Pascal Houdus schlüpft in die Rolle von Connor. Er klingt ebenfalls jung. Man hört ihm die Zerbrechlichkeit und die Einsamkeit, die ihn umgeben, deutlich an.

Mir hat die Kombination aus den beiden Sprechern auch sehr gut gefallen, weil sie stimmlich gut miteinander harmonieren. Julian Greis hat eine hellere Stimmfarbe, während Pascal Houdus etwas tiefer, aber dennoch jung genug klingt, um in die Rolle eines Jugendlichen schlüpfen zu können.

 

Der Schreibstil von Dear Evan Hansen hat mir sehr gut gefallen. Beide Handlungsstränge werden aus der Ich-Perspektive erzählt und haben somit dafür gesorgt, dass ich der Geschichte gut folgen konnte, bzw. Evans Reaktionen auf bestimmte Situationen nachvollziehen konnte.  Was ich besonders mochte, waren die Dialoge zwischen Evan und den anderen Charakteren, oder die Briefe, die Evan an sich selbst geschrieben hat.
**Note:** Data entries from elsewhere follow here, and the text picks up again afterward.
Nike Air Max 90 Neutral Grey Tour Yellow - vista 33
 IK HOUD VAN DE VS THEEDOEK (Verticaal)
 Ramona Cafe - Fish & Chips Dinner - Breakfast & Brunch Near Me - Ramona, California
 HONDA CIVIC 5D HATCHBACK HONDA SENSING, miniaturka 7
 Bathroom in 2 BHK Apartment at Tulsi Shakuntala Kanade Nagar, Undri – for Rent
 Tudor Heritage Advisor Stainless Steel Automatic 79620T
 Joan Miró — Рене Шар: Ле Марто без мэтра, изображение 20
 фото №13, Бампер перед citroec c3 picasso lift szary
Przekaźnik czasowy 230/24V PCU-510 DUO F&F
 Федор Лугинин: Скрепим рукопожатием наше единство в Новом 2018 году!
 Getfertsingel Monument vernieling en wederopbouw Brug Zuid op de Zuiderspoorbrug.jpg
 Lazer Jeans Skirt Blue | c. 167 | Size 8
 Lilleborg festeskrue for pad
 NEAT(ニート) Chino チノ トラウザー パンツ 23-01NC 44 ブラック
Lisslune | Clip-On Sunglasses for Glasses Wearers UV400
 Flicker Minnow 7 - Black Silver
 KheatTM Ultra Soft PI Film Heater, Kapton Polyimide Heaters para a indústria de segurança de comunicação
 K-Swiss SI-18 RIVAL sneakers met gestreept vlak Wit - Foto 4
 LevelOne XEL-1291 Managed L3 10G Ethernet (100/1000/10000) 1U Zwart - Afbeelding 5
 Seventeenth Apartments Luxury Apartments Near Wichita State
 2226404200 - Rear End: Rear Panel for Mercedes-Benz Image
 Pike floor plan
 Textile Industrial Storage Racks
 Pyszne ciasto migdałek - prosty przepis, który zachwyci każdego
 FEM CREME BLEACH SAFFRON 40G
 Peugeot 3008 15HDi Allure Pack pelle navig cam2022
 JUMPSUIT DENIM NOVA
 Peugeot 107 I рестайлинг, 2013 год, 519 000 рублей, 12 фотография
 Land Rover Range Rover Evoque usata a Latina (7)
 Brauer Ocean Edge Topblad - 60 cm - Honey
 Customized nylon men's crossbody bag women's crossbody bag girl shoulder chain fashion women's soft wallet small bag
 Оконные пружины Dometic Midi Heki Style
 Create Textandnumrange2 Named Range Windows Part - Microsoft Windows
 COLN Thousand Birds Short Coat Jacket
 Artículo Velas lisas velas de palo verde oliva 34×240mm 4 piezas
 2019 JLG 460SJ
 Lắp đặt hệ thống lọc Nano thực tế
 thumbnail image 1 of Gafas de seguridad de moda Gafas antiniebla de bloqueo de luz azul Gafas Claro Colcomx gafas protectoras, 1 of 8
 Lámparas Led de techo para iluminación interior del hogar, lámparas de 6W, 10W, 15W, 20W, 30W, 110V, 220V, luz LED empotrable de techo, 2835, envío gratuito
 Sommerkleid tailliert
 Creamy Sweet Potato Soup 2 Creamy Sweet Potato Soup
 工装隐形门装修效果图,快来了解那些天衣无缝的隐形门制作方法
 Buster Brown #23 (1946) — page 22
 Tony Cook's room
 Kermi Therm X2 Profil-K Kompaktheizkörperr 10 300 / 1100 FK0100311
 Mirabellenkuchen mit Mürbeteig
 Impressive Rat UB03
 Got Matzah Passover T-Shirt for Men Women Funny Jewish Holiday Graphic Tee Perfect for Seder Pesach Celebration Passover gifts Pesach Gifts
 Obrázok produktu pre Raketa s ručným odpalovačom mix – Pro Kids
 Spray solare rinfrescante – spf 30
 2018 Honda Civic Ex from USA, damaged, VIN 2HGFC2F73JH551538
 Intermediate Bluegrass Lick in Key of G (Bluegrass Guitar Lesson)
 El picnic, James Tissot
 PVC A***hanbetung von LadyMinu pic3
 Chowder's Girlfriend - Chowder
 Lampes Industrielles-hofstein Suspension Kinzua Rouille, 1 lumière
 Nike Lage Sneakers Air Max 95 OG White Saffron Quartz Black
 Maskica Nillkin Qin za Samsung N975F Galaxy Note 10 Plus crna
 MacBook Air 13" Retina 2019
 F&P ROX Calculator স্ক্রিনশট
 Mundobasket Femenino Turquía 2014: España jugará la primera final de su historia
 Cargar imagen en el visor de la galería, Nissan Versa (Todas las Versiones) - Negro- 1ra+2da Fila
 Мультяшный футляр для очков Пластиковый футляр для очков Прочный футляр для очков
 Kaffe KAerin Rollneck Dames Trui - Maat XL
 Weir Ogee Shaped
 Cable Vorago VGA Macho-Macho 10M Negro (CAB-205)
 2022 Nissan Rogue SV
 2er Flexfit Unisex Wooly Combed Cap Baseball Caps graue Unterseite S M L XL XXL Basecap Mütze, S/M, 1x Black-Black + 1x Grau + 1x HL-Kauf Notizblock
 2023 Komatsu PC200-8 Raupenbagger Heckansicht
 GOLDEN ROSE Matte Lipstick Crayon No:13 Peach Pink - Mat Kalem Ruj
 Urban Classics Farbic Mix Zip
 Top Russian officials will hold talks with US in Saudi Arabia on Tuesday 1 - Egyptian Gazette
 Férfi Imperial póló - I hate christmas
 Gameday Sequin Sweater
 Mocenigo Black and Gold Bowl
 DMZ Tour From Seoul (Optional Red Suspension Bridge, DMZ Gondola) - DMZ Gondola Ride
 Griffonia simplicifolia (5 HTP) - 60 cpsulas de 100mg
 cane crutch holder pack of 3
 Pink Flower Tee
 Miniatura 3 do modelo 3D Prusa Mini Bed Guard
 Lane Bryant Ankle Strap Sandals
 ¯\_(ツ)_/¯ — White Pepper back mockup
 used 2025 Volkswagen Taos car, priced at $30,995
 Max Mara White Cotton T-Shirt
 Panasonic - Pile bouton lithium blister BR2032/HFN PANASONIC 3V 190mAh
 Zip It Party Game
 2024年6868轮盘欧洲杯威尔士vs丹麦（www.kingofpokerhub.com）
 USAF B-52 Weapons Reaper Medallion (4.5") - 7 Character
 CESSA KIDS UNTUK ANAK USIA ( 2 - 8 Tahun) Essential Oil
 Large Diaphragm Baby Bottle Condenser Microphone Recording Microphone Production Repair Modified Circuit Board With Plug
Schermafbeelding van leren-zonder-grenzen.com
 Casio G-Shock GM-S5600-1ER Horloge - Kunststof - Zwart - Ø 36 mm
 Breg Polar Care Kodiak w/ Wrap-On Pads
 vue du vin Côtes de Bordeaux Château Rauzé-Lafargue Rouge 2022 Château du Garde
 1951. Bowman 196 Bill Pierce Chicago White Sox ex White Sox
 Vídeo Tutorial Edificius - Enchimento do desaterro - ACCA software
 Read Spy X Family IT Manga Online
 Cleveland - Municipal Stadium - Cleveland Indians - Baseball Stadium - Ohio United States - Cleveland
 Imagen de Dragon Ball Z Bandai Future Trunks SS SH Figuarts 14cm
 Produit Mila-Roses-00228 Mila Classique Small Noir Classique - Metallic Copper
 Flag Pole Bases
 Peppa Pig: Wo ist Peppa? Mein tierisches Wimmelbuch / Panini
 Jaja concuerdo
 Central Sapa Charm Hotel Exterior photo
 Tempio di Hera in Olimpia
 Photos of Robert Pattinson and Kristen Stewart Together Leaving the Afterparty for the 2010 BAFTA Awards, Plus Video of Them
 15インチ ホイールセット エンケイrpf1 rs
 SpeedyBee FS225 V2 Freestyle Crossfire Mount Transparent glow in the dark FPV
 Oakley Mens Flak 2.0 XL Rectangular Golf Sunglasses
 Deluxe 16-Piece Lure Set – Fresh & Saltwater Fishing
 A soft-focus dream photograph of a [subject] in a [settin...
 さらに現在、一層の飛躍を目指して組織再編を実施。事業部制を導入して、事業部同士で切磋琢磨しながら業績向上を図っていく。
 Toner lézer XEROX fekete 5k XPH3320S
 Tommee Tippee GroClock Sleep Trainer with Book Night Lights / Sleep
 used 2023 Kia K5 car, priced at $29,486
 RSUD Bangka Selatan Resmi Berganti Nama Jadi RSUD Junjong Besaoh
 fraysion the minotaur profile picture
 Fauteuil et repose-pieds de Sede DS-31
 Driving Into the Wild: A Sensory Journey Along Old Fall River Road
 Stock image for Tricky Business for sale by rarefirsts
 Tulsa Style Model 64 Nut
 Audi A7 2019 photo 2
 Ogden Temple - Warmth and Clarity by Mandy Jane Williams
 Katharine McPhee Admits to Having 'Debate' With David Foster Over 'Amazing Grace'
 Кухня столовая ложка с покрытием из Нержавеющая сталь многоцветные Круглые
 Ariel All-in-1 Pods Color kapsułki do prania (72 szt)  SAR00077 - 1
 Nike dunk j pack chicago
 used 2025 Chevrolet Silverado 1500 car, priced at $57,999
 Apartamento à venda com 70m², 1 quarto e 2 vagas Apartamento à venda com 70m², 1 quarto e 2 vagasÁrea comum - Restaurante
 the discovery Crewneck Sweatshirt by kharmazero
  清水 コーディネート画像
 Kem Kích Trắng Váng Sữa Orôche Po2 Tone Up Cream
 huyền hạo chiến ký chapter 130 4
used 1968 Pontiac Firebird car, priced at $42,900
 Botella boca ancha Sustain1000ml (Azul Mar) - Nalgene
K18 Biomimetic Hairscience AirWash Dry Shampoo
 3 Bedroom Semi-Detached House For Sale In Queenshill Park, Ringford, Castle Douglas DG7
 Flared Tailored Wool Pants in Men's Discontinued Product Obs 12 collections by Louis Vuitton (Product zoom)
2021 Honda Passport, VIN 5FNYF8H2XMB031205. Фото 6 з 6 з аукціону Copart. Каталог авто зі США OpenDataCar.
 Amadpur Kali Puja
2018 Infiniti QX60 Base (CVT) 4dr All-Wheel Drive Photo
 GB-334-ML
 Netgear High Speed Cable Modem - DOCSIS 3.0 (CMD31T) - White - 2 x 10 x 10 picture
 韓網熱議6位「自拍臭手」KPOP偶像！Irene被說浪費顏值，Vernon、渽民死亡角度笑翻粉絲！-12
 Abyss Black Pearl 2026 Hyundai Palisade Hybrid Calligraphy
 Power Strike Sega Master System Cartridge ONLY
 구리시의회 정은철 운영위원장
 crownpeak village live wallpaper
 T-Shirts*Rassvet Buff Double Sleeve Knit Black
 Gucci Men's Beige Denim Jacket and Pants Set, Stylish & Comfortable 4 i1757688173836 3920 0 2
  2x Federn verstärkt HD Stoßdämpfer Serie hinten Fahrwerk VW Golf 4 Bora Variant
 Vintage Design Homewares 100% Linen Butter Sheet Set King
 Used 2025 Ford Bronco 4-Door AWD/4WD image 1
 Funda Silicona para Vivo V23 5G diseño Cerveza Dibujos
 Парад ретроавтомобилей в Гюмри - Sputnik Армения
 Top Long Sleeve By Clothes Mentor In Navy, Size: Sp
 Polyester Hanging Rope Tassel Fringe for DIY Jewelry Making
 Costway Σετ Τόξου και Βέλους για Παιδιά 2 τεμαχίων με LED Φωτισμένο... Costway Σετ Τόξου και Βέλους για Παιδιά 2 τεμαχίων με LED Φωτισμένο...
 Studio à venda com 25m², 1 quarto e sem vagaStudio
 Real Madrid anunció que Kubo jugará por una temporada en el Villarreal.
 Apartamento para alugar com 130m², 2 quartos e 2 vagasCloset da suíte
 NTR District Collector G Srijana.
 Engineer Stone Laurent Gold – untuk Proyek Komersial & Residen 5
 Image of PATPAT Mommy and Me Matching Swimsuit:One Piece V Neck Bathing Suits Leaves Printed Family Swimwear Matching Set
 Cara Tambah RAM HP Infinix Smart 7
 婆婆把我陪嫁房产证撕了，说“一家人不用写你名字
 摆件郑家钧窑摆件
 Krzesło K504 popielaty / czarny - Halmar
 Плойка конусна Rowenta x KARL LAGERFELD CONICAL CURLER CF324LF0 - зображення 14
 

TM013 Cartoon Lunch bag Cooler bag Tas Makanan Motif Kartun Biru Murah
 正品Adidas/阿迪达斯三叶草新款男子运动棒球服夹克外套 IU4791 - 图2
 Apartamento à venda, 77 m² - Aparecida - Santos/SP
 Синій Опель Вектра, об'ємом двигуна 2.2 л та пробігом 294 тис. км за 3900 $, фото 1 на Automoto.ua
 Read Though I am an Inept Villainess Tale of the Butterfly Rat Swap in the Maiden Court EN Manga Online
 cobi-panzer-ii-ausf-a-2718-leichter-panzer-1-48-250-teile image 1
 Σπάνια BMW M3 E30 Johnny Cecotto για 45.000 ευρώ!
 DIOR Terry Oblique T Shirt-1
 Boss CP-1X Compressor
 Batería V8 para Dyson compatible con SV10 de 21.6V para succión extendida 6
Was ich diesmal spannend finde ist, dass mir der Schreibstil der Geschichte wirklich gut gefallen hat, obwohl ich mit der Handlung nicht immer mitgehen konnte. Wenn mir eine Geschichte nicht gut gefällt, habe ich häufig die Erfahrung gemacht, dass sich das auch auf den Schreibstil auswirkt. 

 

Gesamteindruck

Dear Evan Hansen ist eine Geschichte, die interessante Themen und Fragen anspricht. Allerdings wurde sich aus meiner Sicht zu wenig mit den Themen auseinandergesetzt. Dennoch lernen wir hier zwei spannende Charaktere kennen und haben eine unglaublich gute Hörbuchproduktion. Diese zwei Gründe sorgen dafür, dass ich das Hörbuch generell weiterempfehlen kann.